Impossible de s’y méprendre. Même dans les profondeurs océanes de sa déesse, je reconnaîtrais son visage et ses yeux. Comme elle était jeune ! Souple comme une liane, à peine sortie de l’adolescence. Le vent jouait avec ses cheveux châtains et faisait claquer sa robe sur ses chevilles. En dépit des quinze mètres qui les séparaient, Everard crut discerner… quoi donc ? Des yeux assoiffés d’absolu, des lèvres promptes à trembler et à murmurer, un rêve, un chagrin, un deuil ?… Il n’aurait su le dire.

Contrairement à ce qu’il aurait cru, elle ne lui accorda pas le moindre intérêt. Il douta même qu’elle lui ait fait l’aumône d’un regard. Son visage pâle se détourna. Elle échangea quelques mots avec son compagnon aux cheveux noirs. Puis tous deux s’éloignèrent sur la grève.

« Ah ! elle, dit Vagnio, soudain troublé.
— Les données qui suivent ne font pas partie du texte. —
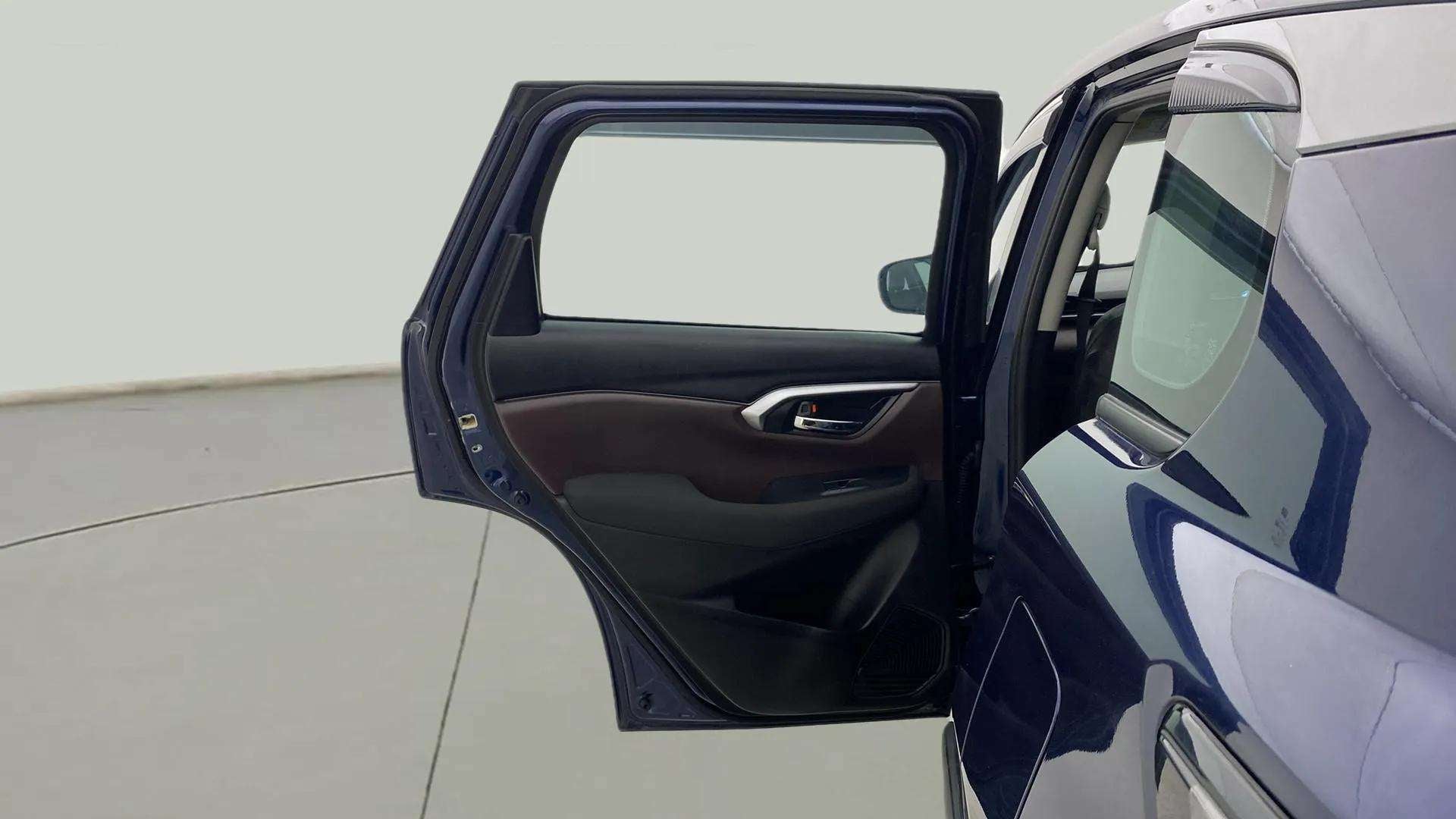 Rear door open view of a Maruti Suzuki Grand Vitara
Ils font une étrange paire, ces deux-là.

— Qui sont-ils ? » Cette question aussi était parfaitement légitime, car il était rare qu’un navire prenne une femme à son bord, si ce n’était pas une captive. Certes, les envahisseurs jutes et frisons finiraient par emmener leurs familles en Grande-Bretagne, mais cela ne se produirait pas avant plusieurs siècles.

Peut-être que les femmes Scandinaves prenaient parfois la mer dès cette époque. Mais rien de ce qu’il s’était inculqué ne permettait d’en être sûr. Ces terres et ces années étaient fort peu étudiées. On avait conclu qu’elles n’influeraient guère sur l’évolution du monde avant l’ère de la  Volkerwanderung. Surprise !

« Edh, fille de Hlavagast, et Heidhin, fils de Viduhada », répondit Vagnio. Everard remarqua qu’il avait commencé par nommer la jeune femme. « Ils ont acheté leur passage, mais ce n’était pas pour commercer avec nous. En fait, elle ne souhaite pas se rendre au marché mais veut que nous la débarquions… que nous les débarquions en un lieu qu’elle ne nous a pas encore précisé.

— Mieux vaudrait se préparer pour la nuit, capitaine », gronda un marin. Un murmure d’assentiment monta de l’équipage. La nuit ne tomberait pas avant plusieurs heures et le temps ne semblait pas à la pluie. Ils préfèrent éviter de parler d’elle, déduisit Everard. Ils n’ont aucun reproche à lui faire, j’en suis sûr, mais elle leur apparaît comme surnaturelle. Vagnio s’empressa d’acquiescer.